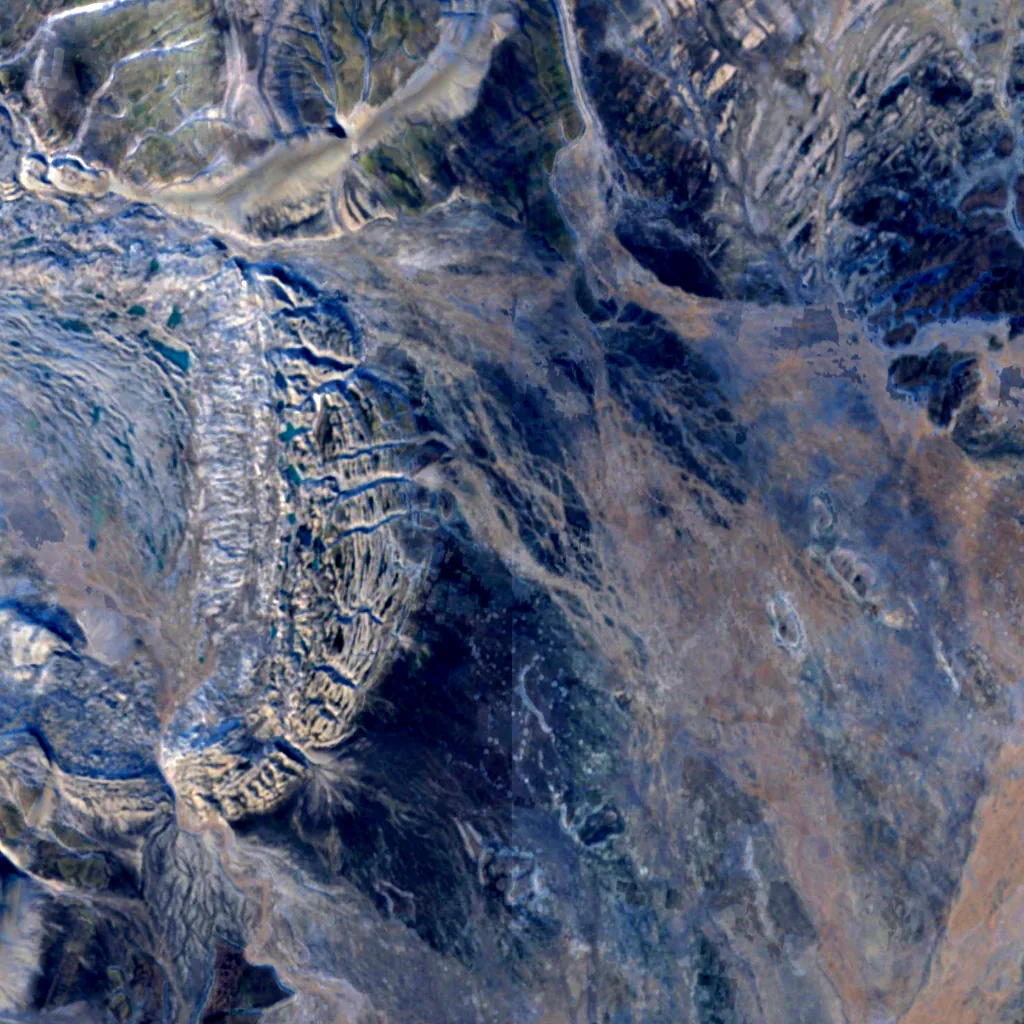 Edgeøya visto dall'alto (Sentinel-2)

====================

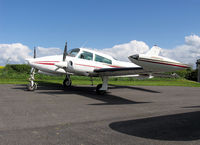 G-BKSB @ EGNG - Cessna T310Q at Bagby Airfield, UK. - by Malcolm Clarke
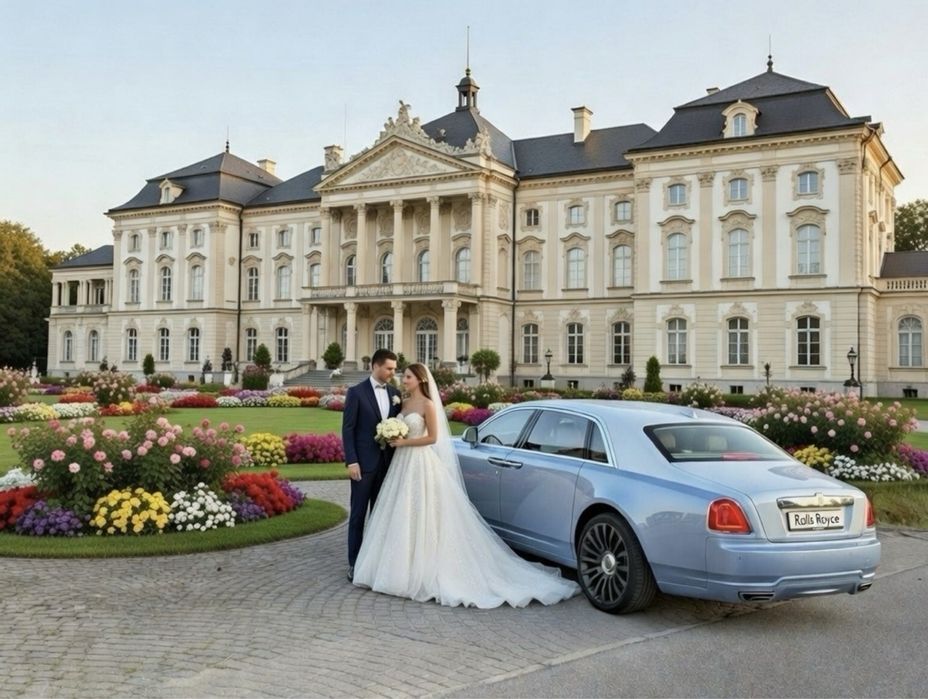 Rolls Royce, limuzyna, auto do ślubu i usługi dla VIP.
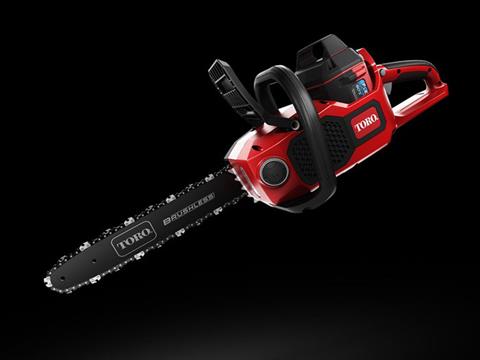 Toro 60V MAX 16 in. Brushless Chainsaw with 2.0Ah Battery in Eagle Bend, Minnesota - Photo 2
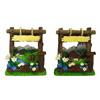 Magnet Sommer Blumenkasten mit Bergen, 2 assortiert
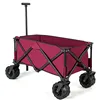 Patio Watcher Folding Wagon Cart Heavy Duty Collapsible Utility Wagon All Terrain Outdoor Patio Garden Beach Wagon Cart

====================

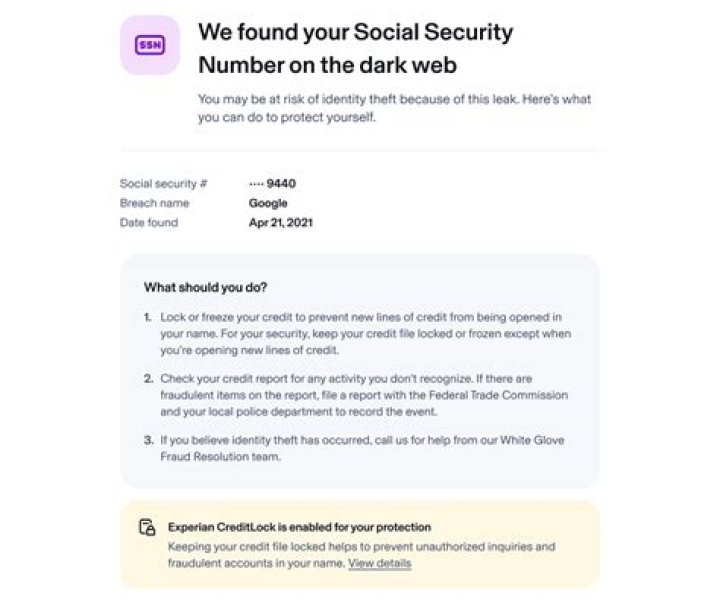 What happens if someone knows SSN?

====================

All lines above starting at the one with "Magnet Sommer Blumenkasten" and ending at the one with "Patio Watcher Folding", inclusive, are to be printed again exactly, with the pictures left out.

 Magnet Sommer Blumenkasten mit Bergen, 2 assortiert
 Patio Watcher Folding Wagon Cart Heavy Duty Collapsible Utility Wagon All Terrain Outdoor Patio Garden Beach Wagon Cart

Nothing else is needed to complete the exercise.